→ **Assignment**:
In the records below, begin at the line containing "Used 2021 Nissan" and end at the line containing "STEERING WHEEL COVER"; quote every line in that span exactly, including both boundary lines, and no others.

*** Data listing Section Begins ***

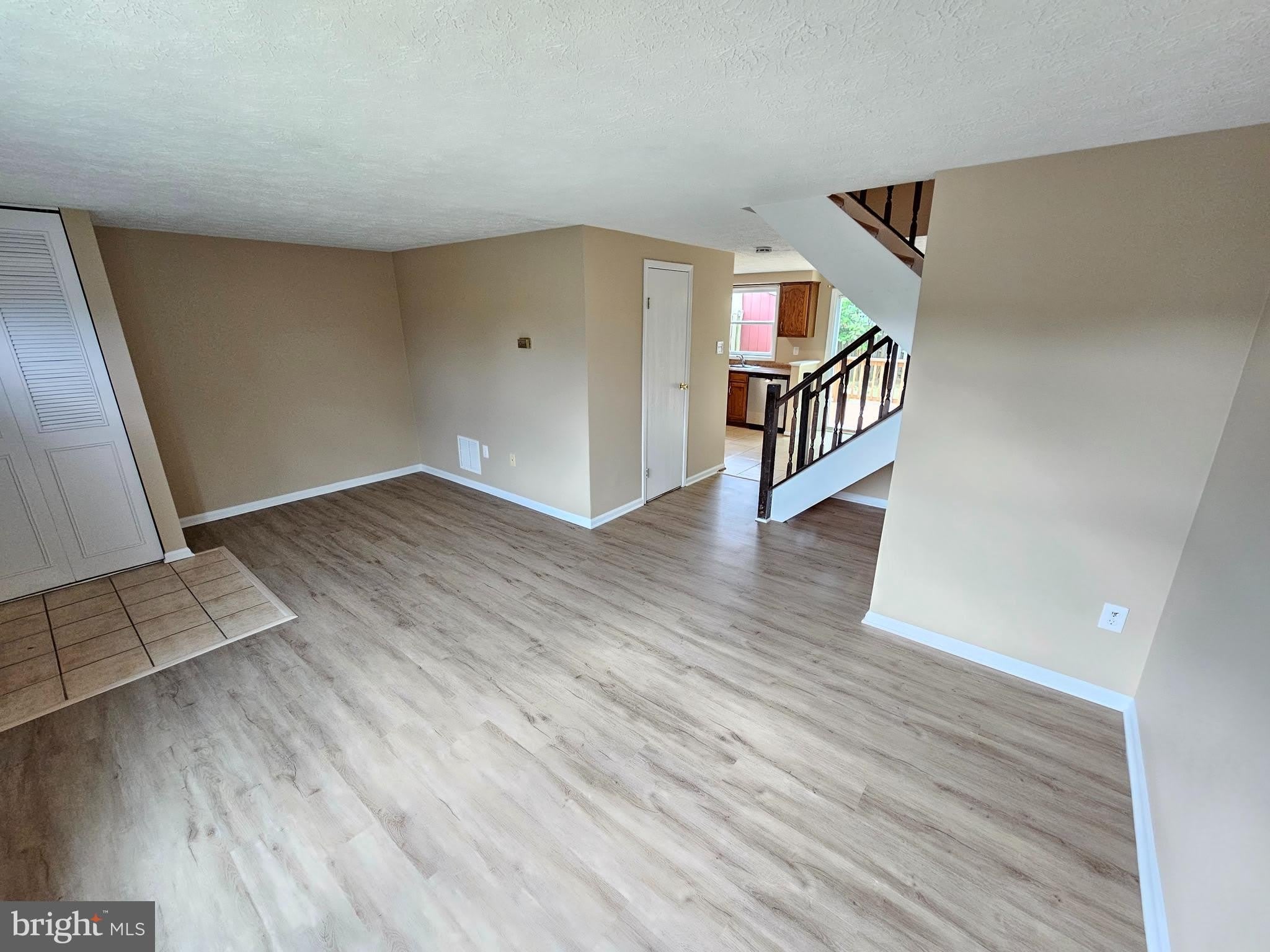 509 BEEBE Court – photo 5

*** Data listing Section Ends ***
*** Data listing Section Begins ***

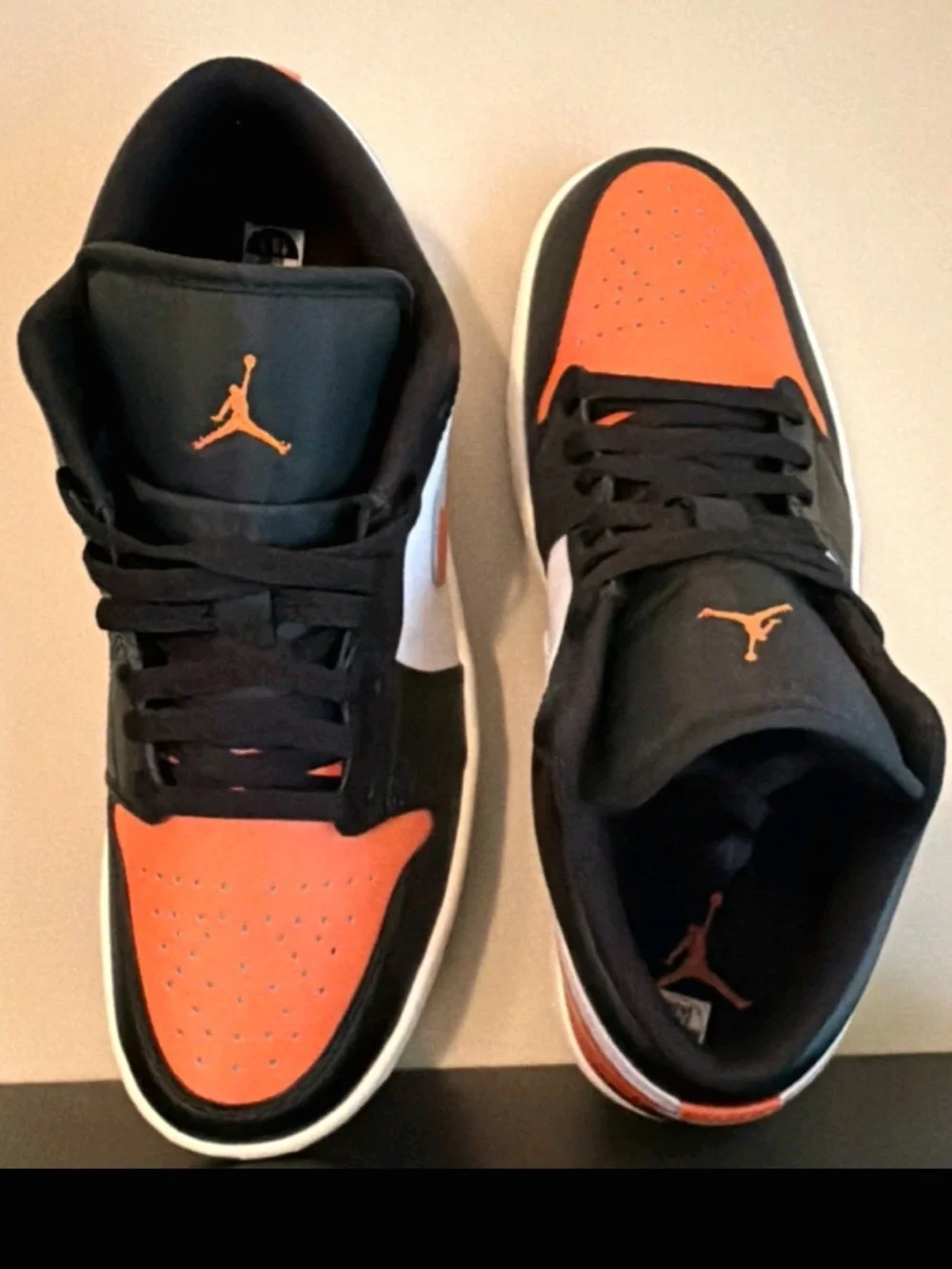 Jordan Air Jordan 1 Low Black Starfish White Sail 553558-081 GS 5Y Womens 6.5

*** Data listing Section Ends ***
*** Data listing Section Begins ***

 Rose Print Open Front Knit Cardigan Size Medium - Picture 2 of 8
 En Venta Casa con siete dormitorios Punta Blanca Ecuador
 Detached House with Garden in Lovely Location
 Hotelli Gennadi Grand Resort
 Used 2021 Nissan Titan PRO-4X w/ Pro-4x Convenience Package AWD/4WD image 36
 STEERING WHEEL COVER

*** Data listing Section Ends ***

→ **Output for this task**:
 Used 2021 Nissan Titan PRO-4X w/ Pro-4x Convenience Package AWD/4WD image 36
 STEERING WHEEL COVER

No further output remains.